Items from a dataset:

====================

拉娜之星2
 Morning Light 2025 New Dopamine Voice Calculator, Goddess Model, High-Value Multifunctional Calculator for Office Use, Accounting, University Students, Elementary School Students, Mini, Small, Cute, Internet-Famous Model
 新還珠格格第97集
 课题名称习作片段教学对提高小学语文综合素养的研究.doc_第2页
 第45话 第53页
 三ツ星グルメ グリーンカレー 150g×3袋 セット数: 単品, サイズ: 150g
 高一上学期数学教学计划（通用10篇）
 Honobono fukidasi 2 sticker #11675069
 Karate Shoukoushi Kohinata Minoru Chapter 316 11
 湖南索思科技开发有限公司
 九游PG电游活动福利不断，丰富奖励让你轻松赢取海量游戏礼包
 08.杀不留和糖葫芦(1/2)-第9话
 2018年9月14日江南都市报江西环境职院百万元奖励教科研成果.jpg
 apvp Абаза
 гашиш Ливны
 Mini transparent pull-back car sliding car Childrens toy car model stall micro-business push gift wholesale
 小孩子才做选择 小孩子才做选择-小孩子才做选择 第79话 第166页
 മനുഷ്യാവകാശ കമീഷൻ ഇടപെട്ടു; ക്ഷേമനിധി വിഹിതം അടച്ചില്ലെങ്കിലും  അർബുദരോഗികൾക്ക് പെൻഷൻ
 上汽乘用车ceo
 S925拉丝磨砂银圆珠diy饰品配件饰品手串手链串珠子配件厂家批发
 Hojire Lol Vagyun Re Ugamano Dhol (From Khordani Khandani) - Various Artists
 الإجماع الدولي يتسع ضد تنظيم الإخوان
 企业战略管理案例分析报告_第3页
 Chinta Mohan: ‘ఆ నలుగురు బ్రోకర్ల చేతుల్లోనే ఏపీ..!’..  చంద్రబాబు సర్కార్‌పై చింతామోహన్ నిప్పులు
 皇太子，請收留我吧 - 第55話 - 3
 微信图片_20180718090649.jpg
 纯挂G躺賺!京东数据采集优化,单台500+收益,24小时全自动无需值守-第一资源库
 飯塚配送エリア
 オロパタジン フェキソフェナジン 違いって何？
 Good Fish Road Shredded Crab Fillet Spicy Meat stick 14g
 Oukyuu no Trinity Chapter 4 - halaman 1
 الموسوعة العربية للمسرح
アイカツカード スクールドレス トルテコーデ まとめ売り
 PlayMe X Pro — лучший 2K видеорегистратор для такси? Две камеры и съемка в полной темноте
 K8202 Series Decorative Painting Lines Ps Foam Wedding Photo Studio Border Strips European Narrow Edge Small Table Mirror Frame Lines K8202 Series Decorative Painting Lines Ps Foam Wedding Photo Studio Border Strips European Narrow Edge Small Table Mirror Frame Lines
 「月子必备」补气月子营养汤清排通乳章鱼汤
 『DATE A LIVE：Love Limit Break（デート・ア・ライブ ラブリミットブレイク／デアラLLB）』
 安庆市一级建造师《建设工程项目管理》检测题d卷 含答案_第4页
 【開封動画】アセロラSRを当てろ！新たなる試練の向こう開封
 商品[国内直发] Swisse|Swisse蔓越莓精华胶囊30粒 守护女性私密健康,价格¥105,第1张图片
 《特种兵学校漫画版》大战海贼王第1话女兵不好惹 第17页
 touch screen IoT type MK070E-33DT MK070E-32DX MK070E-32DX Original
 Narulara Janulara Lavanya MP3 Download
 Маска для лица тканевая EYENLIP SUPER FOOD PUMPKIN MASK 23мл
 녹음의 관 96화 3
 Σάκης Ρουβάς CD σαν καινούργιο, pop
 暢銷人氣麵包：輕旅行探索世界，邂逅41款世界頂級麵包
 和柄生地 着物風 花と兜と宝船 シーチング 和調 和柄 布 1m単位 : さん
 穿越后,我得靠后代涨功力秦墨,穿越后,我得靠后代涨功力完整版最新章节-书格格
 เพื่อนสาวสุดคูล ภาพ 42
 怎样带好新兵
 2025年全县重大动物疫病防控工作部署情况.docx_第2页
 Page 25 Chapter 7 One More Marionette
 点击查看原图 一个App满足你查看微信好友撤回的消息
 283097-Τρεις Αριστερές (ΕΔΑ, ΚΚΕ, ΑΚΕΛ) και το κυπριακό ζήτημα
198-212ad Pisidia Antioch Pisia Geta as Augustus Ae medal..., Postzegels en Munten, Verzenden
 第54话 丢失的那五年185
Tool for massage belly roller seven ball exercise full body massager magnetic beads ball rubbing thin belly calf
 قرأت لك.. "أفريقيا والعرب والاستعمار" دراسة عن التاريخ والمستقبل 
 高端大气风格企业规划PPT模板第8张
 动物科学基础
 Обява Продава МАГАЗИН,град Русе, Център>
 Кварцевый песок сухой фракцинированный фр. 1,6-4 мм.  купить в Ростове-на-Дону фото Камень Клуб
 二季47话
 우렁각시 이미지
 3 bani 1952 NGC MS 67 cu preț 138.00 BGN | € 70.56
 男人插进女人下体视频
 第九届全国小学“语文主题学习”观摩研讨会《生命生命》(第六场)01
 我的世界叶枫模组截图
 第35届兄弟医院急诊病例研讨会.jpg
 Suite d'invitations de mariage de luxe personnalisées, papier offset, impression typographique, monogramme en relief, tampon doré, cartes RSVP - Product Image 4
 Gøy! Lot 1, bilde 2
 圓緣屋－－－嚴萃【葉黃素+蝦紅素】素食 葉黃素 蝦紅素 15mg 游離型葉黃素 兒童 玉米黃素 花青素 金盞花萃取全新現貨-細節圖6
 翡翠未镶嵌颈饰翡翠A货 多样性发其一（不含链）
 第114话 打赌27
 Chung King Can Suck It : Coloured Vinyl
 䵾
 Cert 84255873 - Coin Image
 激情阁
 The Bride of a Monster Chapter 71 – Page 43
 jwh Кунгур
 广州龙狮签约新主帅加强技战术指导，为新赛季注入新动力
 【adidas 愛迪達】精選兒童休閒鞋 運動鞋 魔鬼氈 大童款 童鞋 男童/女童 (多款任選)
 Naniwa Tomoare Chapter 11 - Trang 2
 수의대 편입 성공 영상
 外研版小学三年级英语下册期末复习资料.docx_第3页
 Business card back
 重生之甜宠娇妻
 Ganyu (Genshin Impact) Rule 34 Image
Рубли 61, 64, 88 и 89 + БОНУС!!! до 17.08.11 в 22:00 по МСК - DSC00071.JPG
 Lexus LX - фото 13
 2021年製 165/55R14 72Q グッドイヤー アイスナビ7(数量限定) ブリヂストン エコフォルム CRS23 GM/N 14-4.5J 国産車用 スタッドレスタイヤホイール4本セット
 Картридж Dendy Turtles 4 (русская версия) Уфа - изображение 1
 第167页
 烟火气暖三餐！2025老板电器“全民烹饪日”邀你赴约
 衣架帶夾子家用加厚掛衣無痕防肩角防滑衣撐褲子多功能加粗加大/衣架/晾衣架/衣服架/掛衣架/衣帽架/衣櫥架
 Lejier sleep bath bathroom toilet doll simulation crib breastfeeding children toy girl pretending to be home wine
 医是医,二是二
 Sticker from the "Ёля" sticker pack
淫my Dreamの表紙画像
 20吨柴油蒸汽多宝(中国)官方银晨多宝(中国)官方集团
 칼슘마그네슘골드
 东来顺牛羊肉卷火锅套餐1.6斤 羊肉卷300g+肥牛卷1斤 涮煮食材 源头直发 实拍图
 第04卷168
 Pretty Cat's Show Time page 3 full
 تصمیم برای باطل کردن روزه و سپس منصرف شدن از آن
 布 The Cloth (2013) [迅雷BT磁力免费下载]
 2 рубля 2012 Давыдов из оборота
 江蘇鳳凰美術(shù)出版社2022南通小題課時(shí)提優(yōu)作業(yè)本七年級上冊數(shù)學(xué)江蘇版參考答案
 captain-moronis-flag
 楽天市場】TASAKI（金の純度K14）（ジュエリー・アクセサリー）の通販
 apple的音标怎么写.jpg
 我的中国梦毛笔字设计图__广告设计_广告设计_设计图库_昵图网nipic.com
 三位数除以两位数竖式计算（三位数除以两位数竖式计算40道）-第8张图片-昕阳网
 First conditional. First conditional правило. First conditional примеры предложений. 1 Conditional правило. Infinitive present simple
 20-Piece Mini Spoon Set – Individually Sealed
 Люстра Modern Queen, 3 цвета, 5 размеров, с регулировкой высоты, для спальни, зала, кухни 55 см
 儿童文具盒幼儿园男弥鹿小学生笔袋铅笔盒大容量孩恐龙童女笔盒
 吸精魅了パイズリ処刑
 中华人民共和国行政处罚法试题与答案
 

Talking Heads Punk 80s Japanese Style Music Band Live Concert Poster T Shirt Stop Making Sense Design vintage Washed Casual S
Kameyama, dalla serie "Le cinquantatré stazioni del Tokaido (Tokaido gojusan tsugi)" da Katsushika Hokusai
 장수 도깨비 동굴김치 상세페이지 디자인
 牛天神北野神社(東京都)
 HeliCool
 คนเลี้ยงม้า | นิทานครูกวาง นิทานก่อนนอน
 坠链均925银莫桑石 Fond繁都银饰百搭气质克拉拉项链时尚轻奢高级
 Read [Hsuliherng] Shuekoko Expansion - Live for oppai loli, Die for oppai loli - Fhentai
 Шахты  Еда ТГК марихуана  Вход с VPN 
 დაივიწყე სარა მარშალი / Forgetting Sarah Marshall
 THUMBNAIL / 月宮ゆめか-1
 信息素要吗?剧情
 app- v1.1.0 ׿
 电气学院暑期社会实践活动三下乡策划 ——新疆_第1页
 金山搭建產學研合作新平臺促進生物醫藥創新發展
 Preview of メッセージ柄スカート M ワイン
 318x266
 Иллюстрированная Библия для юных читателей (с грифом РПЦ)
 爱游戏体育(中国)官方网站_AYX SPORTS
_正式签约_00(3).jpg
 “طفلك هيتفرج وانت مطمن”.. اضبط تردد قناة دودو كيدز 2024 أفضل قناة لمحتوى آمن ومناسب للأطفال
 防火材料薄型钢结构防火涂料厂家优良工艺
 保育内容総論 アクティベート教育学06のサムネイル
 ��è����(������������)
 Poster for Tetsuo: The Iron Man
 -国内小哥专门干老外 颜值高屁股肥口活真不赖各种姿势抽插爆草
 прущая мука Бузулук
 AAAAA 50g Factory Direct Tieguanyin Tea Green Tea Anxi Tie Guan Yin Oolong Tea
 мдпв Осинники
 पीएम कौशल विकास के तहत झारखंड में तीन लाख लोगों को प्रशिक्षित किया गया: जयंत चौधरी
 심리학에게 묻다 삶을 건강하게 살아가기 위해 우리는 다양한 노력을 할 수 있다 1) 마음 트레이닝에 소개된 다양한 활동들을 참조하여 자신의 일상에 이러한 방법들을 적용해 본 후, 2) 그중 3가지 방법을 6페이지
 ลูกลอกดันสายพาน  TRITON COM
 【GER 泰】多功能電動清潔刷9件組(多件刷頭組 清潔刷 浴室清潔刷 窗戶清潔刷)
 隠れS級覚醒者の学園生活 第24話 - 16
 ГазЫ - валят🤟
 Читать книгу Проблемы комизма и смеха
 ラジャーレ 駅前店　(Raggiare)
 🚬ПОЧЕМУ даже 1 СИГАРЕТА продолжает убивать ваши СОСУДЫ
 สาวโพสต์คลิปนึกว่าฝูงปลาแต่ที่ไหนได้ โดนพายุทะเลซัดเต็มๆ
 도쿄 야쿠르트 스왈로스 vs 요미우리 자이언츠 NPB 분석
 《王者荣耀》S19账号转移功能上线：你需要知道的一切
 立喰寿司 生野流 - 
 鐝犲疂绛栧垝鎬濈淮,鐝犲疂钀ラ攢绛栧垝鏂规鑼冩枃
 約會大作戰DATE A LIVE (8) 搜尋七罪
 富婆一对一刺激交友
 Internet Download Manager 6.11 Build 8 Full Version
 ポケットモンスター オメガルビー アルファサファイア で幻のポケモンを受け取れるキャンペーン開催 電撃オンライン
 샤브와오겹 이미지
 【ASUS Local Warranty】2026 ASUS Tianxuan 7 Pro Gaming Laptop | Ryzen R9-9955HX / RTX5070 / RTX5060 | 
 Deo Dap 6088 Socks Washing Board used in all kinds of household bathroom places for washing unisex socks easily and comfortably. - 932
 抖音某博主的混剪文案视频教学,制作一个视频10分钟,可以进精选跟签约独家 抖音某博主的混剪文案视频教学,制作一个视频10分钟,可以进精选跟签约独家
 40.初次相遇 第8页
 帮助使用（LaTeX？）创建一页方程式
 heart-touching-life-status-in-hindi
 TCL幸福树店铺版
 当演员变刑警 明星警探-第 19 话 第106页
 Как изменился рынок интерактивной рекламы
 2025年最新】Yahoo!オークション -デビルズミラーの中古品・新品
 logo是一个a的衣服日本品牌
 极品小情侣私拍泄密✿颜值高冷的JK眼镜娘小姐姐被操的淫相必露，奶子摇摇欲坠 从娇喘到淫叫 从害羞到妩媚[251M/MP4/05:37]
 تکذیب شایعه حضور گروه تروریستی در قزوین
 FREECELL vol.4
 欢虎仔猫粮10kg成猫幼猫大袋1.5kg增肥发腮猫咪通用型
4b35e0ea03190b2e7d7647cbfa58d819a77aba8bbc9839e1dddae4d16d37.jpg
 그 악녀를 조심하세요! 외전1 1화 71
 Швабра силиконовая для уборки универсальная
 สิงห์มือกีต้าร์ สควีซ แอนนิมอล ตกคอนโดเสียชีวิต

====================

▶ [WHAT TO WORK ON]: Write out exactly each line of the entries, starting at the one containing "-国内小哥专门干老外 颜值高屁股肥口活真不赖各种姿势抽插爆草" and finishing with the last line.

▶ [RESPONSE TO THIS EXERCISE]:
 -国内小哥专门干老外 颜值高屁股肥口活真不赖各种姿势抽插爆草
 прущая мука Бузулук
 AAAAA 50g Factory Direct Tieguanyin Tea Green Tea Anxi Tie Guan Yin Oolong Tea
 мдпв Осинники
 पीएम कौशल विकास के तहत झारखंड में तीन लाख लोगों को प्रशिक्षित किया गया: जयंत चौधरी
 심리학에게 묻다 삶을 건강하게 살아가기 위해 우리는 다양한 노력을 할 수 있다 1) 마음 트레이닝에 소개된 다양한 활동들을 참조하여 자신의 일상에 이러한 방법들을 적용해 본 후, 2) 그중 3가지 방법을 6페이지
 ลูกลอกดันสายพาน  TRITON COM
 【GER 泰】多功能電動清潔刷9件組(多件刷頭組 清潔刷 浴室清潔刷 窗戶清潔刷)
 隠れS級覚醒者の学園生活 第24話 - 16
 ГазЫ - валят🤟
 Читать книгу Проблемы комизма и смеха
 ラジャーレ 駅前店　(Raggiare)
 🚬ПОЧЕМУ даже 1 СИГАРЕТА продолжает убивать ваши СОСУДЫ
 สาวโพสต์คลิปนึกว่าฝูงปลาแต่ที่ไหนได้ โดนพายุทะเลซัดเต็มๆ
 도쿄 야쿠르트 스왈로스 vs 요미우리 자이언츠 NPB 분석
 《王者荣耀》S19账号转移功能上线：你需要知道的一切
 立喰寿司 生野流 - 
 鐝犲疂绛栧垝鎬濈淮,鐝犲疂钀ラ攢绛栧垝鏂规鑼冩枃
 約會大作戰DATE A LIVE (8) 搜尋七罪
 富婆一对一刺激交友
 Internet Download Manager 6.11 Build 8 Full Version
 ポケットモンスター オメガルビー アルファサファイア で幻のポケモンを受け取れるキャンペーン開催 電撃オンライン
 샤브와오겹 이미지
 【ASUS Local Warranty】2026 ASUS Tianxuan 7 Pro Gaming Laptop | Ryzen R9-9955HX / RTX5070 / RTX5060 | 
 Deo Dap 6088 Socks Washing Board used in all kinds of household bathroom places for washing unisex socks easily and comfortably. - 932
 抖音某博主的混剪文案视频教学,制作一个视频10分钟,可以进精选跟签约独家 抖音某博主的混剪文案视频教学,制作一个视频10分钟,可以进精选跟签约独家
 40.初次相遇 第8页
 帮助使用（LaTeX？）创建一页方程式
 heart-touching-life-status-in-hindi
 TCL幸福树店铺版
 当演员变刑警 明星警探-第 19 话 第106页
 Как изменился рынок интерактивной рекламы
 2025年最新】Yahoo!オークション -デビルズミラーの中古品・新品
 logo是一个a的衣服日本品牌
 极品小情侣私拍泄密✿颜值高冷的JK眼镜娘小姐姐被操的淫相必露，奶子摇摇欲坠 从娇喘到淫叫 从害羞到妩媚[251M/MP4/05:37]
 تکذیب شایعه حضور گروه تروریستی در قزوین
 FREECELL vol.4
 欢虎仔猫粮10kg成猫幼猫大袋1.5kg增肥发腮猫咪通用型
4b35e0ea03190b2e7d7647cbfa58d819a77aba8bbc9839e1dddae4d16d37.jpg
 그 악녀를 조심하세요! 외전1 1화 71
 Швабра силиконовая для уборки универсальная
 สิงห์มือกีต้าร์ สควีซ แอนนิมอล ตกคอนโดเสียชีวิต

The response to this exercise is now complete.